In Oriental Shipmgt. Co. Inc. v. Bastol, (GR 168269 January 29, 2010), the Supreme Court said that “the sad reality is that the seafarer succumbed to his illness, died and cannot now enjoy the fruits of his long protracted struggle for what is right and what has accrued to him.”
A 2021 study by the Commission on Human Rights (CHR), in collaboration with Lawyers Beyond Borders, Philippines Inc. noted that in the period 2015-2019, it took 7.2 years on the average for an overseas Filipino worker (OFW) money claims case to go through the entire judicial process from the date of filing of the complaint in the NLRC/ NCMB up to the date of decision by the Supreme Court.
The process in the NLRC/NCMB is tedious and long winding enough. First there is the SENA or Single-Entry Approach where the seafarer and the company will negotiate, then the filing of the case with a Labor Arbiter/Panel of Voluntary Arbitrators. Then if the seafarer wins, the company can still appeal to the NLRC Commission consisting of three Commissioners. If the Commission affirms the Labor Arbiter’s decision, the company can still file a Motion for Reconsideration.
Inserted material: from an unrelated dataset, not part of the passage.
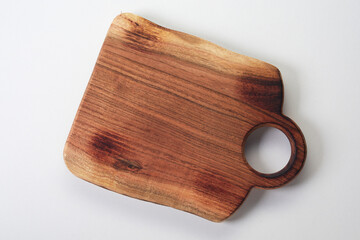 Rustic wooden chopping board on white background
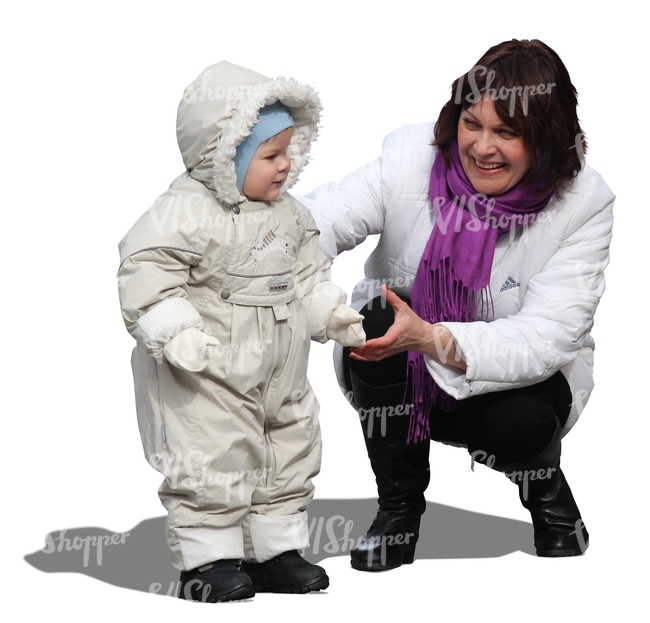 woman playing with a small child in winter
In the NCMB, the company can file a Motion for Reconsideration on the decision of the Panel of Arbitrators.
Once a judgment has become final, the prevailing party can have the judgment executed as a matter of right. The seafarer can at last get his winning award even if the company files a petition for certiorari at the Court of Appeals, and later a Petition for Review with the Supreme Court, which will take additional years to resolve.
Unlike land based OFWs and local workers, Brosas noted that execution of decisions involving seafarer’s claims will soon change once an escrow provision is included in the pending Magna Carta.